He charged repeatedly that Kerry is "the most liberal member in the Senate" and has "flip-flopped" on numerous issues during his Senate career.

Bush addressed what was, for the most part, the party faithful. But it wasn't, according to one women, entirely limited to those already committed to vote Bush. One woman said she was asked when she tried to get a ticket whether she was undecided. She said the campaign seemed to want some voters who are still on the fence.

Bush started his 35-minute speech by telling the crowd to find their undecided friends, and "if you want a safer America, a stronger America, then tell them to put Dick Cheney and me back in office."

He charged he and Kerry are sharply different in that "I'm proud of my record. My opponent seems not to want to talk about his."

Bush again charged that Kerry has voted 98 times to raise taxes, and that Kerry would require the country "pass a global test" before committing troops to defend itself.

He charged that Kerry's health-care plan "is a government plan" that would take away individual control over their health-care decisions.

He said people don't know exactly where Kerry stands, but know exactly what he stands for.

"Americans absolutely know I tell you exactly what I'm going to do, and I keep my word," Bush said.

He cited the No Child Left Behind Act, which he said is improving public school performance and the Healthy Forests Act, which he said will improve the nation's forests and his efforts to create jobs.

He said one of his goals is to enable more children to go on to college. And on health care, he said he will work to put a community health center in "every poor county" in America.

He said he will also "do something about the ridiculous lawsuits that are running up the cost of health care." He said Kerry won't do that, and the proof is in his selection of a trial lawyer as his running mate.

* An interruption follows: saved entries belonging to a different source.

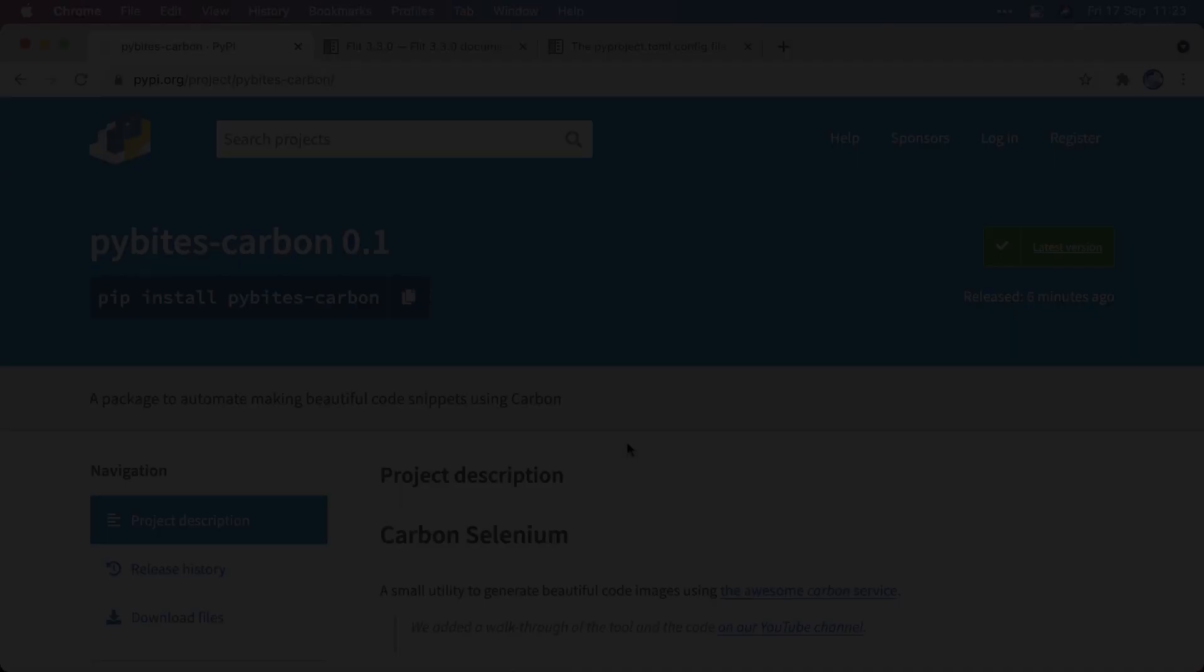Hey, this is Bob from PyBytes. Welcome back to another video on our YouTube channel. Today I'm going to show you how to put a package onto PyPI using a cool tool called Flit. We're basically going to upload the package I launched the other day that automates creating beautiful code snippets, which was the last video on this channel. Without further ado, let's dive straight in.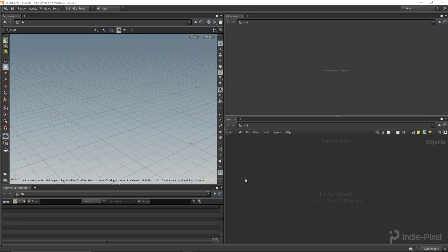Hey guys, IndiePixel here. In this video I wanted to cover the basics of Python inside of Houdini. This accompanies the Indie Effects series on the IndiePixel YouTube channel. Python is very popular and very powerful inside of Houdini — much more powerful than VEX, because VEX basically operates solely on the geometry side of things, whereas with Python you could create whole pipelines.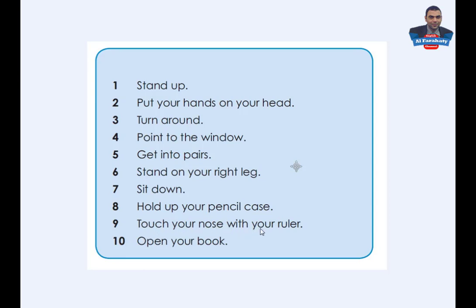Activity 9: Touch your nose with your ruler. Activity 10: Open your book. Thank you for listening, reading and doing the activities.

"You can't be pro-patient, pro-doctor and pro-trial attorney at the same time," he said.

Bush said his administration's policies have created 1.9 million jobs in the past three months, and that unemployment rates are now below what they averaged in the '80s or even the '90s. But he said good jobs depend on a good business climate.

"To make sure quality jobs are created in America, America must become more friendly to business," he said.

He said his administration has worked to remove unnecessary and cumbersome regulations that interfere with business and will continue to do so.

And he said he will work to reduce the nation's dependence on foreign sources of energy.

About 300 protesters gathered outside the Sierra Street entrance to Rancho San Rafael Park. But Bush never saw them because his convoy came in across the fields from McCarran Boulevard north of the park.

The protesters, many of them students from nearby University of Nevada, Reno, where Michael Moore spoke Tuesday night, carried anti-Bush signs.

As the audience from the speech filed out of the park afterward, they chanted "Bush lied, soldiers died, you don't care." They were kept across the street from the speech crowd by Reno police officers, some with dogs and others on horseback.

It was Bush's second campaign visit to Reno this election season. Kerry has not yet made an appearance in Reno. However, his wife, Teresa, was visiting a park in a Hispanic area of south Reno on Wednesday as Bush spoke

Contact reporter Geoff Dornan at nevadaappeal@sbcglobal.net or 687-8750.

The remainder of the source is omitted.